From a box of balls with 20 distinct colors, after drawing n balls with replacement, what is the probability of observing exactly x different colors?

84 Views Asked by At

So assuming there is equal probability of observing any distinct color in a draw, I drew out a pyramid where every draw creates two new edges from its nodes. This then becomes a recursive problem with $2^n$ complexity.

The $n$ values I am dealing with are in the range of a few thousand, so it's very computationally demanding, but not completely unfeasible.

However, I need to solve a more complicated version where each of the $20$ colors have their own probability, then it becomes a $20^n$ problem which I have no method for solving.

I am happy with an approximate answer if there is an algorithm that can give me one for a problem like this.

Thanks,

Michael

1

There are 1 best solutions below

2
On

Equal probabilities

If each of the 20 colors is equally likely to be drawn, then the probability of observing $x$ different colors is $$ {n \brace x} \frac{20!}{(20-x)!}\cdot 20^{-n}. $$ Here, ${n \brace x}$ is a Stirling number of the second kind, which can be computed as follows: $$ {n \brace x}= \frac1{x!}\sum_{j=0}^x(-1)^j\binom{x}j (x-j)^n $$

Unequal probabilities

Here is an approximation which might be helpful. However, I cannot prove this approximation works with any quality, so please use this with caution.

You have $20$ colors with unequal probabilities. Let us say that the probability of each color is specified by a list $p_1,\dots,p_{20}$, where $p_i\ge 0$ for each $i$ and $p_1+\dots+p_{20}=1$.

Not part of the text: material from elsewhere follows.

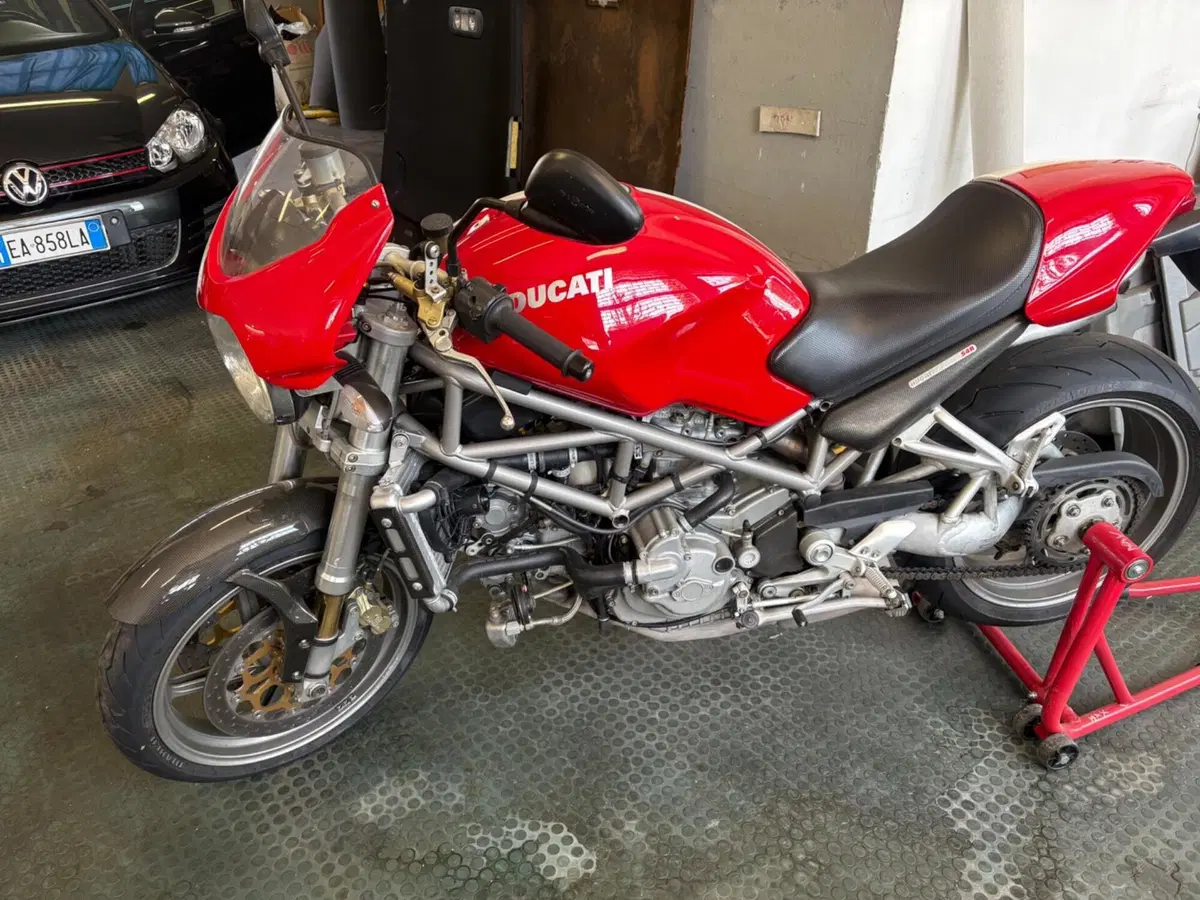 Ducati Monster S4R (2003 - 05) (2)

Let $C_1,\dots,C_{20}$ be the random variables representing the number of balls of each color which were drawn. The reason this problem is so difficult is that the variables $C_1,\dots,C_{20}$ are not independent. We can get a nice answer by approximating them by independent Poisson random variables. Specifically, for each $i\in \{1,\dots,20\}$, let $$ Z_i \sim \text{Poisson}(np_i),\qquad \text{so}\quad P(Z_i=k)=e^{-np_i}\frac{(np_i)^k}{k!}\quad (k\in \{0,1,2,\dots\}) $$ such that the list $Z_1,\dots,Z_{20}$ is independent. The two distributions are related to each other by the following:

Theorem: Let $(c_1,\dots,c_{20})$ be a list of nonnegative integers summing to $n$. The probability that $(C_1,\dots,C_{20})$ assumes the value $(c_1,\dots,c_{20})$ is equal to the conditional probability that $(Z_1,\dots,Z_{20})$ equals $(c_1,\dots,c_{20})$ given that $Z_1+\dots+Z_{20}=n$.

Since $\mathbb E[Z_1+\dots+Z_{20}]=n$, and since $Z_1+\dots+Z_{20}$ is concentrated somewhat tightly around its mean, this theorem suggests that the vector $(C_1,\dots,C_{20})$ is well-approximated by the vector $(Z_1,\dots,Z_{20})$.

You want to find the probability that the list $(C_1,\dots,C_{20})$ has exactly $x$ nonzero entries. I will approximate this by the probability that $(Z_1,\dots,Z_{20})$ has exactly $x$ nonzero entries. To this end, for each $i\in \{1,\dots,20\}$, let $$ a_i=P(Z_i>0)=1-e^{-np_i},\\ b_i=P(Z_i=0)=e^{-np_i},\,\,\,\,\;\;\;\; $$ Then $$ \begin{align} P(\vec Z\text{ has $x$ nonzero entries}) &= b_1\cdot b_2 \cdots b_{20}\sum_{1\le i_1< i_2\le \dots <i_{x}\le 20} \prod_{k=1}^x (a_{i_k}/b_{i_k}) \\\\ &= b_1\cdot b_2 \cdots b_{20}\cdot e_{x}\left(\frac{a_1}{b_1},\frac{a_2}{b_2},\dots,\frac{a_{20}}{b_{20}}\right)\tag1 \\ &= a_1\cdot a_2 \cdots a_{20}\cdot e_{20-x}\left(\frac{b_1}{a_1},\frac{b_2}{a_2},\dots,\frac{b_{20}}{a_{20}}\right)\tag2 \end{align} $$ Here, $e_x(y_1,\dots,y_{20})$ is the $x^\text{th}$ elementary symmetric polynomial in $20$ variables. I showed how to compute the values of these polynomials in this answer, with some more detail in this other answer.

Both equations $(1)$ and $(2)$ are equal, but one of them might be more numerically stable to compute, given the number of balls and the probabilities. Basically, you should choose whichever one involves the least division by small numbers, because that leads to numerical error.